Please print nothing but the lines from the one containing "for connected homes" to the final line below, exactly, and no pictures.

Exercise data section start

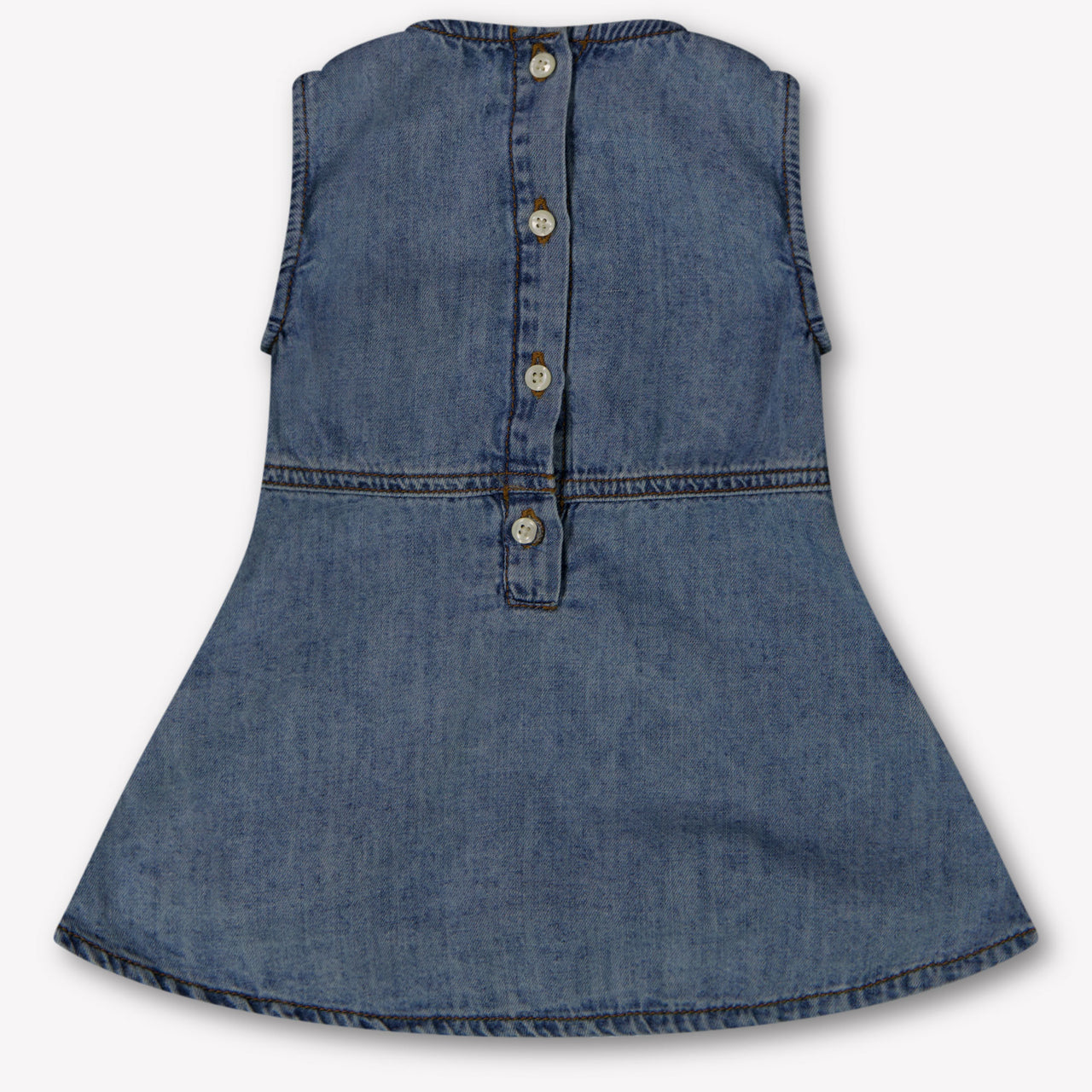 Calvin Klein Baby Girls Dress In Blue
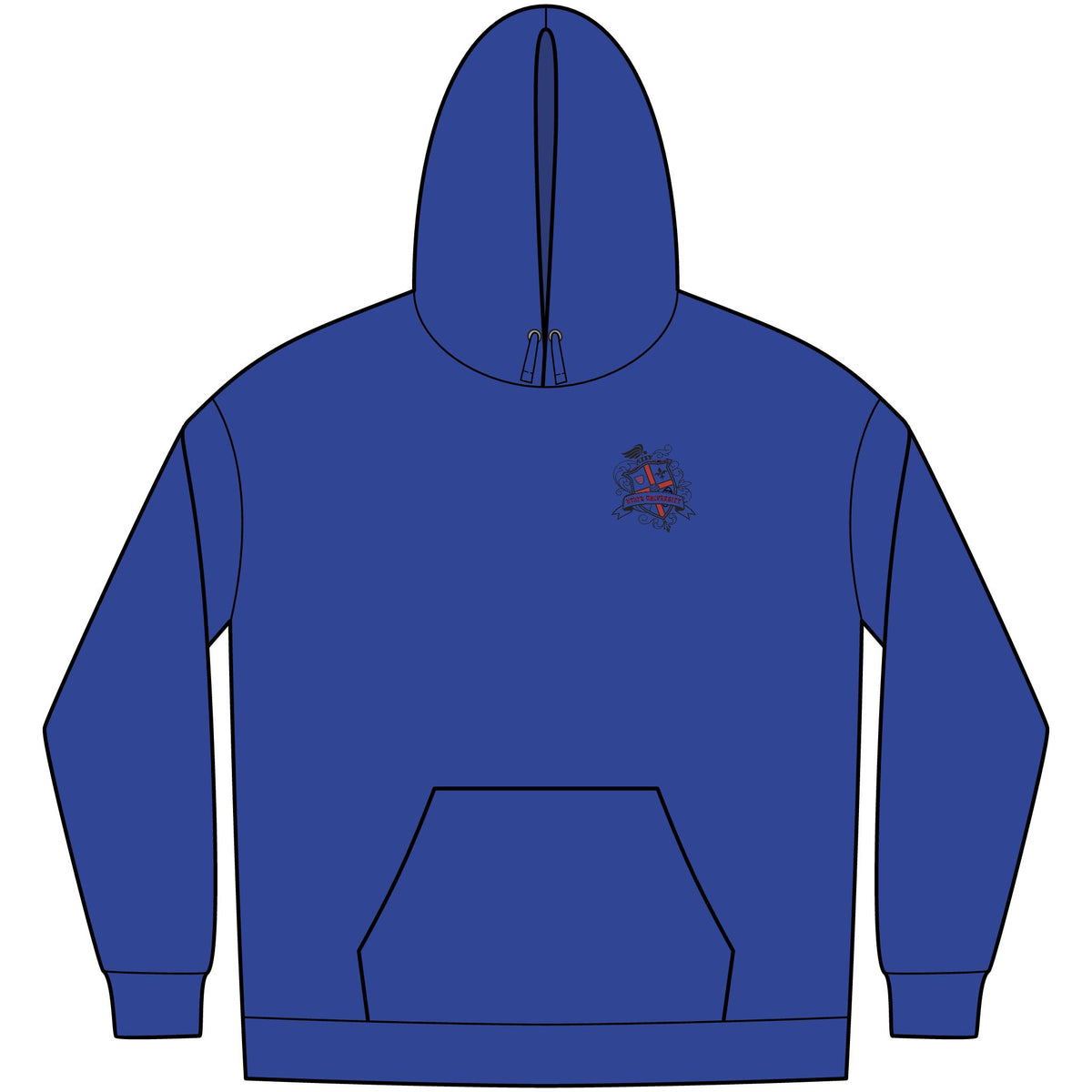 I Could Be Meaner SSU Men's Fleece Hoodie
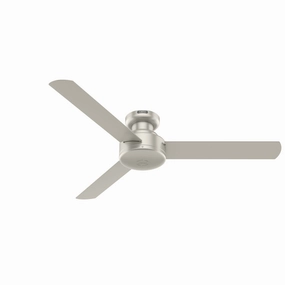 Presto 52"Ceiling Fan Matte Nickel ifan smart fans for connected homes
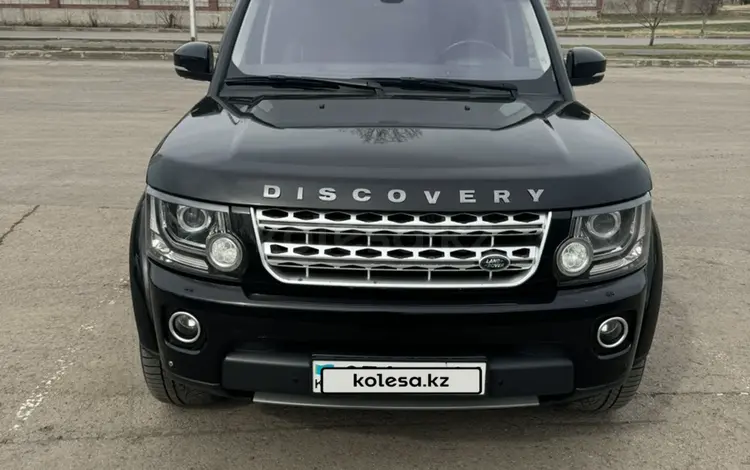 Land Rover Discovery 2016 годаүшін14 500 000 тг. в Астана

Exercise data section end

* Output for this task
 Presto 52"Ceiling Fan Matte Nickel ifan smart fans for connected homes
 Land Rover Discovery 2016 годаүшін14 500 000 тг. в Астана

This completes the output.